This project consists of five tables. For creating dimensions STATION and RIDER, and facts PAYMENT and TRIP run this script. For making Date table run separately provided dimDate script.

In [0]:
from pyspark.sql.functions import *
from pyspark.sql.types import *

1. Creating STATION table

In [0]:

schema = StructType([\
    StructField("StationId", StringType(), False),\
    StructField("Name", StringType(), True),\
    StructField("Latitude", FloatType(), True),\
    StructField("Longitude", FloatType(), True)])
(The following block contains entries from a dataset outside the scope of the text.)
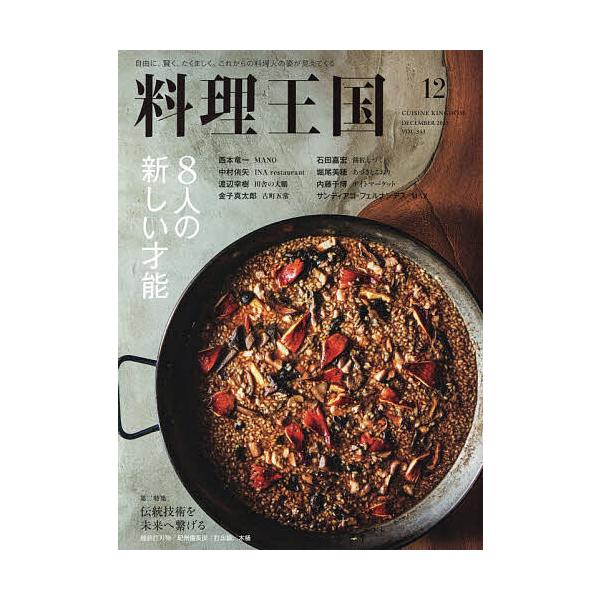 [Release date: November 6, 2025]※商品画像はイメージや仮デザインが含まれている場合があります。帯の有無など実際と異なる場合があります。出版社:JFLAホール発売日:2025年11月06日雑誌版型:Aヘンキーワ...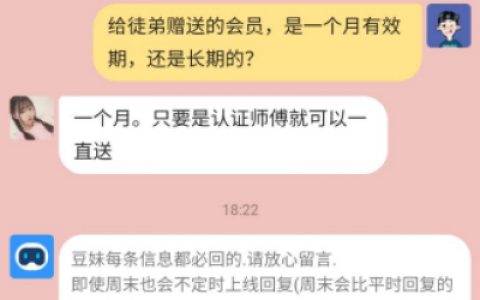 一单赚2元的微信投票平台(微信互助投票群，你做过吗)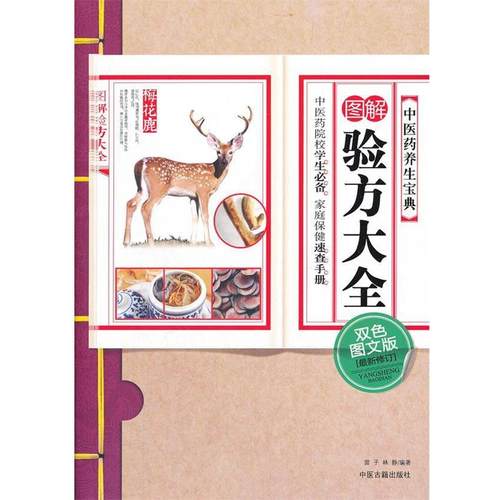 【正版书】 图解验方大全 雷子,林静　编著 中医古籍出版社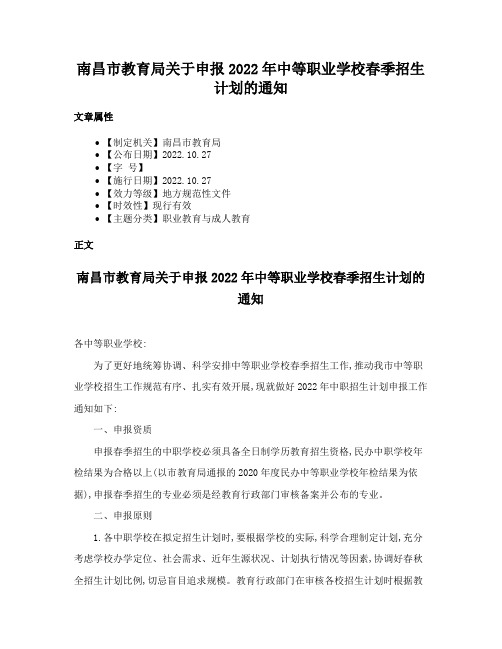 南昌市教育局关于申报2022年中等职业学校春季招生计划的通知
df_station = spark.read.format("csv")\
.option("header", "false")\
.schema(schema)\
.load("/FileStore/proj4/stations.csv")

In [0]:
df_station.write.format("delta") \
    .mode("overwrite") \
    .option("mergeSchema", "false") \
    .save("/delta/stations")

In [0]:
df_station_gold = df_station 
df_station_gold.write.format("delta") \
    .mode("overwrite") \
    .saveAsTable("dim_stations")

2 Creating RIDER table

In [0]:
schema = StructType([\
                     StructField("RiderId", IntegerType(), False),\
                     StructField("First", StringType(), True),\
                     StructField("Last", StringType(), True),\
                     StructField("Address", StringType(), True),\
                     StructField("Birthday", DateType(), True),\
                     StructField("AccountStartDate", DateType(), True),\
                     StructField("AccountEndDate", DateType(), True),\
                     StructField("IsMember", BooleanType(), True)
                     ])

df_rider = spark.read.format("csv")\
    .option("header", "false")\
    .schema(schema)\
    .load("/FileStore/proj4/riders.csv")

In [0]:
df_rider.write.format("delta") \
    .mode("overwrite") \
    .option("mergeSchema", "false") \
    .save("/delta/riders")

In [0]:
df_riders_gold = df_rider
df_riders_gold.write.format("delta") \
    .mode("overwrite") \
    .saveAsTable("dim_riders")

3 Create PAYMENT table

In [0]:
schema = StructType([\
                     StructField("PaymentId", IntegerType(), False),\
                     StructField("Date", DateType(), True),\
                     StructField("Amount", DoubleType(), True),\
                     StructField("RiderId", IntegerType(), True)
                     ])

df_payment = spark.read.format("csv")\
    .option("header", "false")\
    .schema(schema)\
    .load("/FileStore/proj4/payments.csv")

In [0]:
df_payment.write.format("delta") \
    .mode("overwrite") \
    .option("mergeSchema", "false") \
    .save("/delta/payments")

In [0]:
df_payments_gold = df_payment
df_payments_gold.write.format("delta") \
    .mode("overwrite") \
    .saveAsTable("fact_payments")

4 Creating TRIP table

In [0]:
schema = StructType([\
                     StructField("TripId", StringType(), False),\
                     StructField("RideableType", StringType(), True),\
                     StructField("StartAt", TimestampType(), True),\
                     StructField("EndedAt", TimestampType(), True),\
                     StructField("StartStationId", StringType(), True),\
                     StructField("EndStationId", StringType(), True),\
                     StructField("RiderId", IntegerType(), True)])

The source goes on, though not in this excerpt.